One of our scientists is missing. He’s been kidnapped from the Aldermaston Atomic Weapons Research Establishment, possibly by Kremlin minions who want him to tell them how to make a neutron bomb 3,000 times more destructive than the one that hit Hiroshima. I’m not saying Nato’s nuclear secrets are poised to fall into the lap of a latter-day Napoleon overcompensating for his shortcomings with military barbarism, but it’s too soon to rule out the possibility.
Thankfully, this is a TV review not a news story, but the contemporary resonances are unmissable, even if the makers of this six-part adaptation of Len Deighton’s 1962 thriller couldn’t have envisaged their audience would be playing extras in a real-life cold war sequel.
The first thing we see in this new version of The Ipcress File (ITV) is a pair of thick-framed glasses on a nightstand, replicas of those Michael Caine wore in the 1965 film version of the book. Our hero is in bed in Berlin, while the woman who has been teaching him German, and more besides, waves to him saucily from the bath.
This opening reference to 57-year-old movie eyewear is a surprising gambit by director James Watkins and writer John Hodge, given their creative betrayal elsewhere of the source material. One of the adaptation’s pleasures is also its peril: it invites us to compare Joe Cole’s interpretation with Caine’s.
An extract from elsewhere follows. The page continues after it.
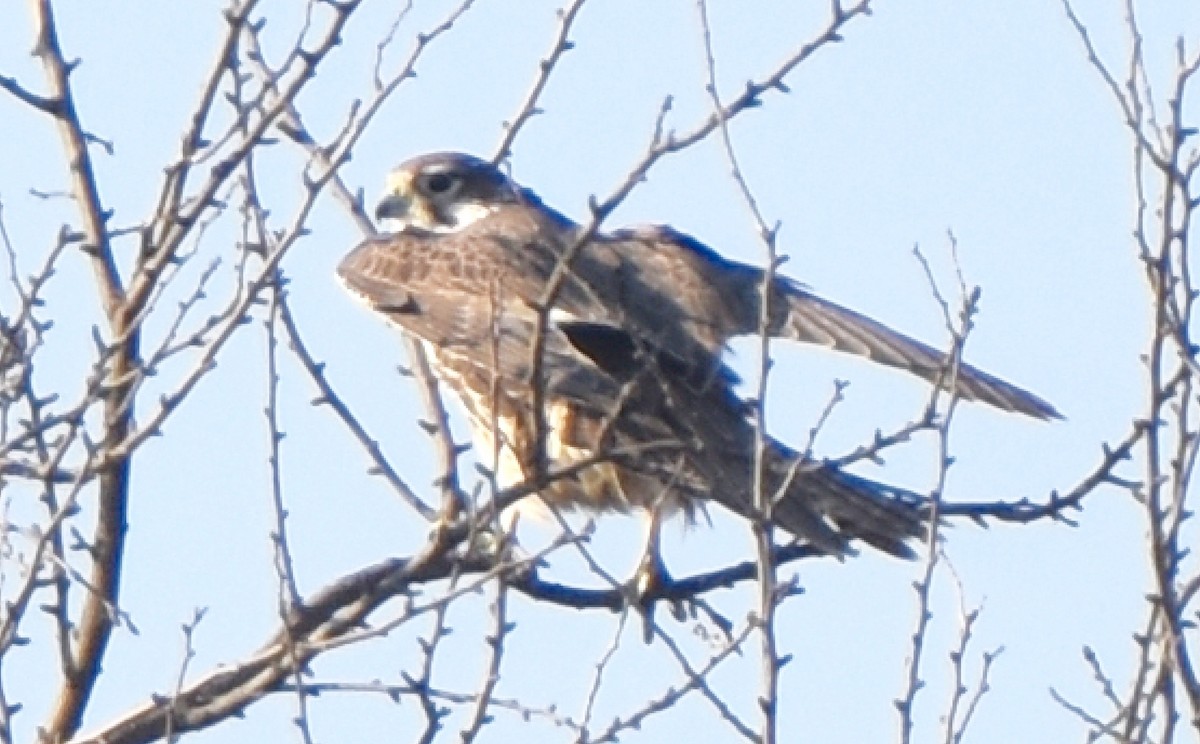 Prairie Falcon - ML78619891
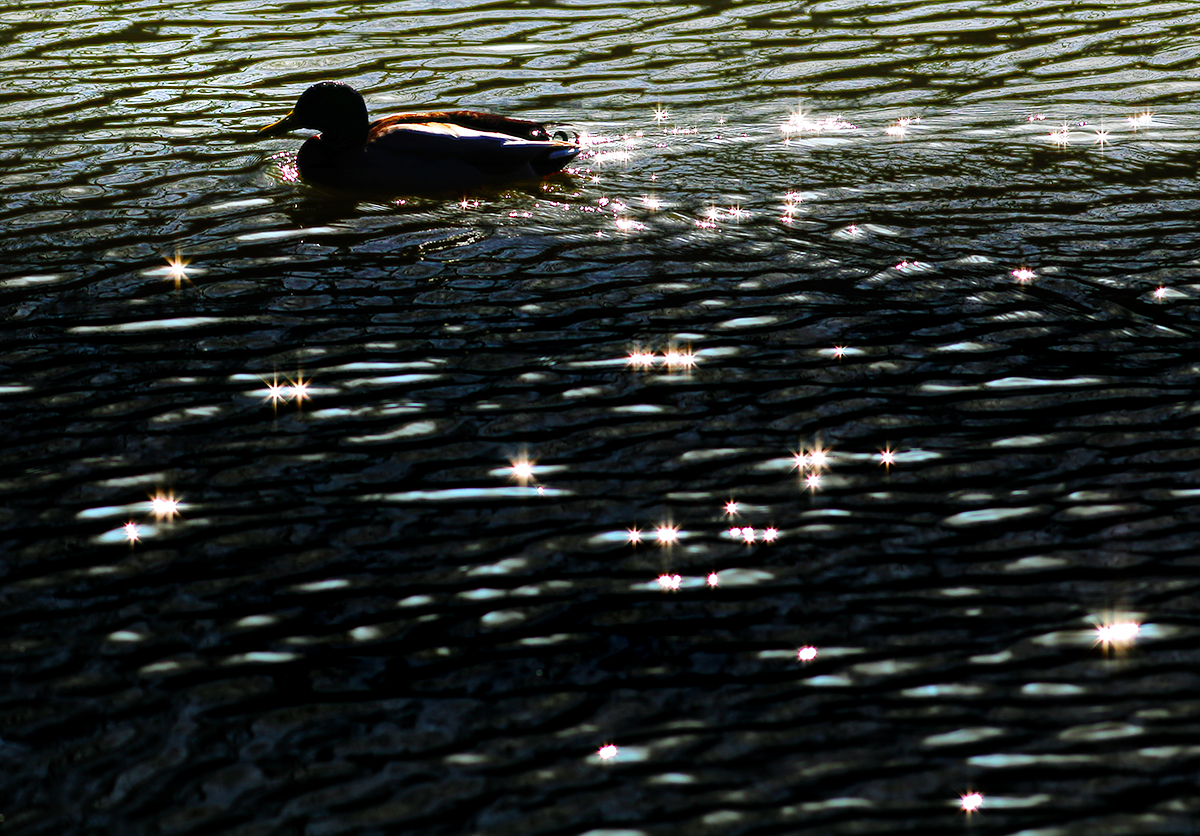 the enchanted mallard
Fortunately, Cole is a Harry Palmer for our times. Imagine Stephen Merchant was a foot shorter and appropriated Damian Lewis’s pout. Imagine too that he is as taciturn as Alan Ritchson playing Jack Reacher. It’s not a showy performance, but all the better for that to punch up his rare bons mots. When asked what it was like fighting in Korea, Hodge has Palmer reply: “First I was bored. Then I was frightened. Then I was bored and frightened at the same time.” Which sounds about right.
Just like the glasses making a comeback, perhaps the same is true of the leopard-skin pillbox hat. Though ridiculed by Bob Dylan, here it makes a grand entrance on the head of Lucy Boynton as Brit spy Jean Courtney, and she looks anything but ridiculous. With her tailored suits, thick eyeliner and bonkers titfer, Boynton is 2022’s homage to Alexandra Bastedo. Who, ask younger readers? Bastedo, in a series of unrepentantly daft 60s spy shows (The Champions, Department S), played the British secret weapon whose elegant froideur melted the patriarchy on both sides of the iron curtain. If only Boynton also had Bastedo’s powers of telepathy and superhuman strength, our nuclear boffin would already be back in Berkshire. But she doesn’t, so he isn’t.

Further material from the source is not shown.